Sich die Perspektive der Bedürftigen zu eigen machen, anerkennen, dass ein Arbeitsverständnis, das nur Erwerbsarbeit und Profit umschließt, den Großteil gesellschaftlich notwendiger Arbeit ausschließt. Wie wäre es mit der Sicherstellung der existenziellen Bedürfnisbefriedigung für alle Menschen, unabhängig von Herkunft, Geschlecht, körperlichen und geistigen Fähigkeiten, Leistungsbereitschaft, Alter — einfach nur, weil sie als Menschen Existenzberechtigung haben und sich alle auf unterschiedliche Weise in die Gemeinschaft einbringen- statt einen natürlichen Hang zum Schmarotzertum zu unterstellen!?
Eine der einfachen Grundeinsichten der Tora lautet, die Notwendigkeit der Beschränkung von Reichtum anerkennen. Warum erntet diese Forderung in dieser absurden Gesellschaft nur ein müdes Lächeln, bestenfalls den Vorwurf der Realitätsferne, schlimmstenfalls der kommunistischen Hetze?
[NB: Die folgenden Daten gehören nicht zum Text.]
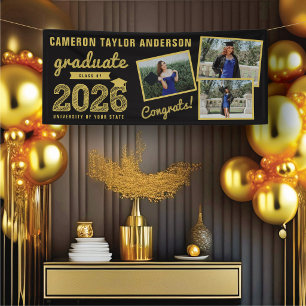 2026 Gold Skizze 3 Foto Collage Moderne Abschlussf Banner
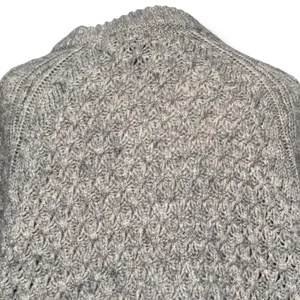 Gray Marled Chunky Open Knit Oversized Sweater Fisherman Cozy Cabin Crewneck thumbnail 6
Auf dem langen Weg zur Entkopplung von Leistung, Lohn und Arbeit — wie wär‘s als kleiner Schritt damit anzufangen, dass in jedem 7.Jahr diejenigen, die es können, von ihrem Ersparten leben und ihren Verdienst denen zur Verfügung stellen, die gerade nicht erwerbstätig sein können — weil sie Kinder erziehen oder Freunde pflegen, eine persönliche Krise durchleben, krank oder gebrechlich geworden sind…
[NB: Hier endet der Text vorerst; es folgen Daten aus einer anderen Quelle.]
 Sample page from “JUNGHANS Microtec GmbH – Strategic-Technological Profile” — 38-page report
Zum Bezug auf eine historische Tradition gehört eine Grundeinstellung: Gesellschaften sind veränderlich und Menschen sind die Subjekte dieser Veränderung. Zurzeit sind jedoch Zynismus und Fatalismus fest in den Köpfen verankert: Es gibt keine Alternative zum ausbeuterischen Wirtschaftssystem und weltfremd ist, wer anderes glaubt. Was wäre möglich, wenn viele Menschen an etwas anderes glaubten und dafür kämpften? Auch die Sozialgesetzgebung der Tora hat keine egalitäre Gesellschaft hervorgebracht. Aber das Ringen darum wird deutlich — das wäre heute schon ein Riesenschritt.

Katja Strobel

Katja Strobel arbeitet am Institut für Theologie und Politik in Münster.